The gang abducts Dang for the location of the truck which Abel drove and then ditched, once he realized what he was smuggling; but the team intervenes. Elias meets with Dominic (Winston Duke), and it is shown that Dominic was the mastermind behind the guns as he wanted to shift the balance of power. Back in Hong Kong, Finch and Bridges find the thief's workplace and Finch subdues him. Bridges thanks him and both part ways, promising to meet again in New York. However, it's revealed that Finch paid the thief to steal it and plant a malware on Bridges' laptop. Bridges calls a potential investor, who is revealed to be a Samaritan operative. The operative meets with Greer (John Nolan), revealing that Samaritan is acquiring more shares on many companies in the world.

==Reception==
===Viewers===
In its original American broadcast, "Pretenders" was seen by an estimated 9.72 million household viewers and gained a 1.7/5 ratings share among adults aged 18–49, according to Nielsen Media Research. This means that 1.7 percent of all households with televisions watched the episode, while 5 percent of all households watching television at that time watched it. This was a 3% increase in viewership from the previous episode, which was watched by 9.40 million viewers with a 1.5/5 in the 18-49 demographics. With these ratings, Person of Interest was the third most watched show on CBS for the night, behind NCIS: New Orleans and NCIS, first on its timeslot and fifth for the night in the 18-49 demographics, behind NCIS: New Orleans, NCIS, The Voice, and the sixth game of the 2014 World Series.

With Live +7 DVR factored in, the episode was watched by 13.35 million viewers with a 2.5 in the 18-49 demographics.

===Critical reviews===
"Pretenders" received positive reviews from critics. Matt Fowler of IGN gave the episode a "great" 8.6 out of 10 rating and wrote in his verdict, "'Pretenders' was solid POI. And while Walter may have seemed like a hapless hindrance at times, he was still there to help remind Reese that his 'Main in the Suit' vigilante work had not only made a difference, but had also inspired others into action. And there were reciprocal benefits too since Walter got to learn that his hero hadn't vanished after all and that he could chuck his fake badge in the trash. Also, other great moments, like Shaw trying to get Bear to eat, Scarface showing up with that giant limo-piercing gun, and Finch taking out the mugger with an umbrella shot to the face, helped give this episode a boost."

Alexa Planje of The A.V. Club gave the episode a "B−" grade and wrote, "The episode moves several plots forward, but it would take a much more efficient script to deliver a case of the week and this much setup elegantly."

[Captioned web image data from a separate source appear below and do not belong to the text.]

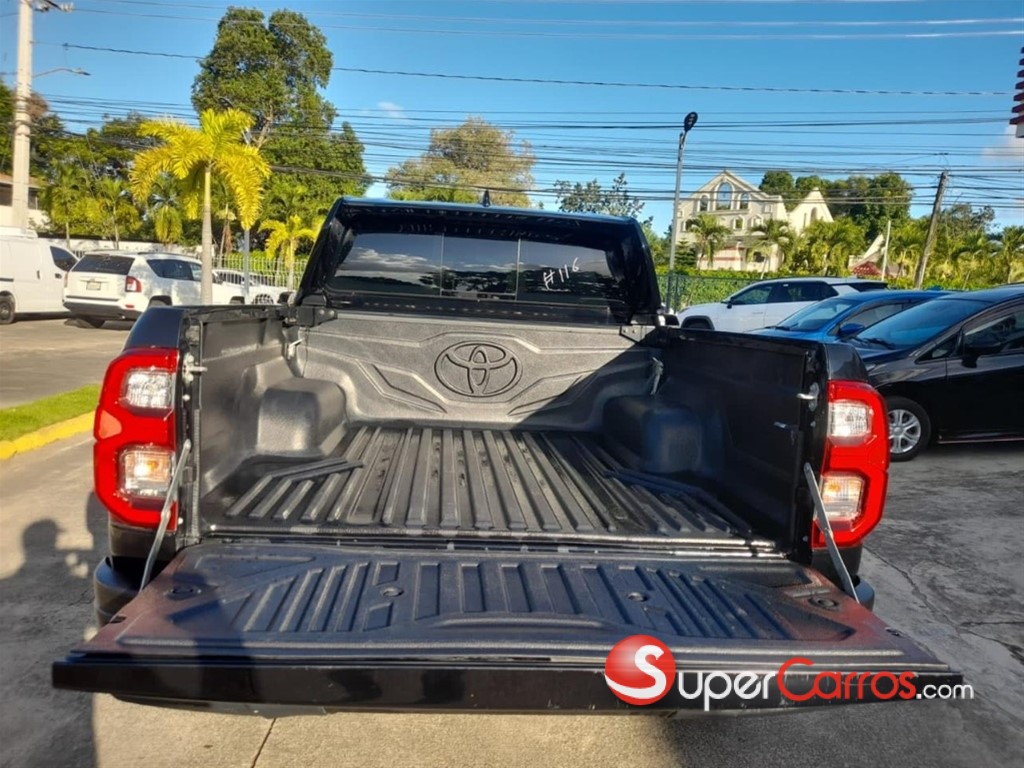 2024 Toyota Hilux GR Sport — foto 11 / 12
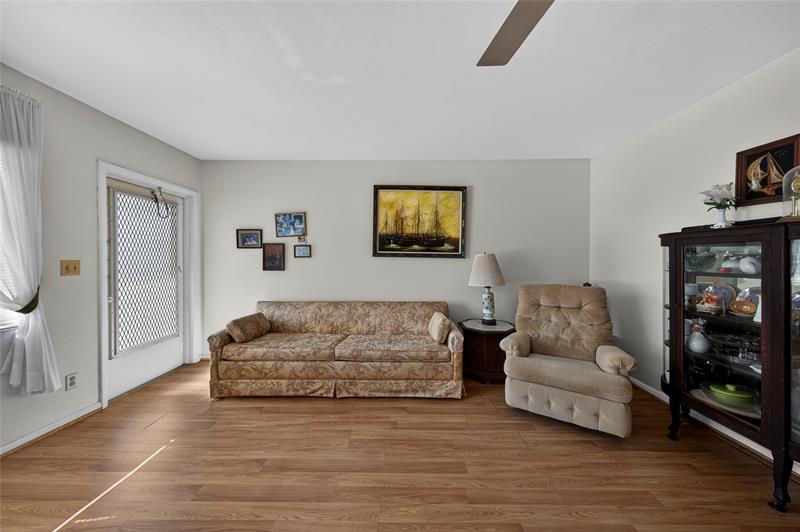 Image 12 of 40 For 11 4th Ave  18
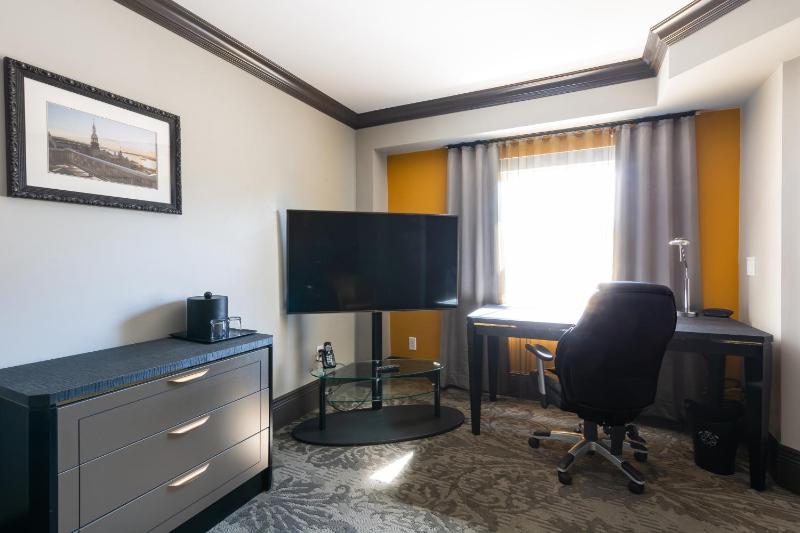 Hotel Clarendon - image 7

Sean McKenna of TV Fanatic gave the episode a 4.3 star rating out of 5 and wrote "While the case of the week did take a more front seat, Person of Interest never fails to kick it up a notch and incorporate the larger story as well. And it continues to be obvious that this series is not going to let up in providing that entertaining hour of television. This was definitely another fun episode for sure."